Mike Heins interchange-users@icdevgroup.org
Thu Feb 6 13:47:00 2003


Quoting Daniel Hutchison (jdhutchison11@attbi.com):
> > > FWIW, I did try to look into this issue a little more in depth. However,
> > > I havn't had a whole lot of time. I havn't found anything definite yet,
> > > just some suspicions.  
> > > 
> > > >From what I can tell, the problem seems to be in the locking of the pid
> > > file.  Eg. interchange attempts to lock the pid file when it starts up. 
> > > If it can't lock the pid file, it assumes another interchange process is
> > > running.  What I suspect is that interchange locks the pid file before
> > > it forks. Since on solaris, locks created with flock() aren't inherited
> > > across forks.   As a result, when the parent process exits the pid file
> > > becomes unlocked.  When interchange is then run with the shutdown
> > > command it detects that the pid file unlocked and thinks that there
> > > isn't a running interchange process.
> > > 
> > > What I have done is verify that the default install of interchange on my
> > > solaris box uses the flock() function to lock the pid file.  I've also
> > > created a mini perl program that just locks files based off the code in
> > > interchange.  The file locking works fine until I throw a fork() in
> > > it...
> > > 
> > > Anyway, I hope this helps a bit.  
> > 
> > Turns out the files lock fine, but LOCK_NB is not working, at least on the
> > solaris server I tested on (thanks Dorothy).
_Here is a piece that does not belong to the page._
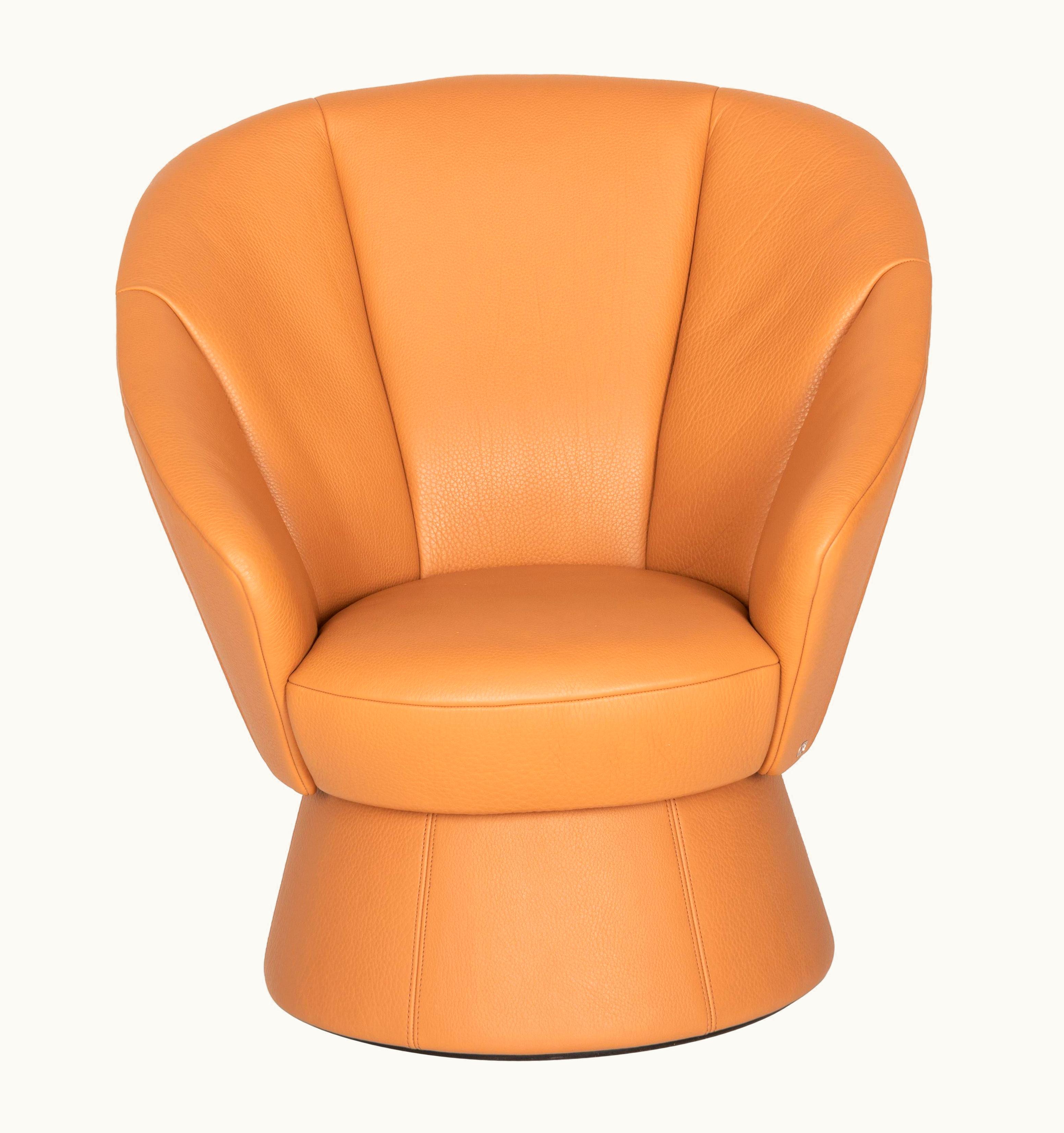 De Sede De Sede DS-163 Armchair By De Sede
It doesn't work no matter the
> > state of fork. In any case, grab_pid happens in the context of the last
> > fork, as I thought.
> > 
> > I could add a -badlock option at the commandline, but it would seem
> > to make sense to just fix Perl on the affected systems. 
> 
> Looks like we were both wrong...  I was able to track the problem down
> to the read_pid() that was being called from the server_start_message()
> in lib/Vend/Server.pm.  It appears that read_pid() is releasing the lock
> when it opens and closes the pid file.
> 
> Anyway, here is a simple patch that fixes the problem on Solaris:
> 
> diff -rNu ../interchange-4.9.7-200301240658-orig/lib/Vend/Server.pm ./lib/Vend/Server.pm
> --- ../interchange-4.9.7-200301240658-orig/lib/Vend/Server.pm   Fri Dec 13 07:11:35 2002
> +++ ./lib/Vend/Server.pm        Thu Feb  6 10:40:21 2003
> @@ -1200,7 +1200,7 @@
>         push (@types, 'SOAP') if $Global::SOAP;
>         push (@types, 'mod_perl') if $Global::mod_perl;
>         my $server_type = join(" and ", @types);
> -       my $pid = read_pidfile();
> +       my $pid = $$;
>         my @args = $reverse ? ($server_type, $pid) : ($pid, $server_type);
>         return ::errmsg ($fmt , @args );
>  }
> 

No, I don't believe that is any good. We can't be sure it is the same
process in all situations. It is still a bug in Perl or Solaris....there
is no way that an opening and reading a file with a completely different
file handle should release the lock.

I could go for this:

	my $pid = $Global::Variable->{MV_BAD_LOCK} ? $$ : read_pidfile();

At that point, you just need to set 

	Variable MV_BAD_LOCK 1 

in interchange.cfg.

I have made that change in CVS.

-- 
Mike Heins
Perusion -- Expert Interchange Consulting    http://www.perusion.com/
phone +1.513.523.7621      <mike@perusion.com>

Being against torture ought to be sort of a bipartisan thing.
-- Karl Lehenbauer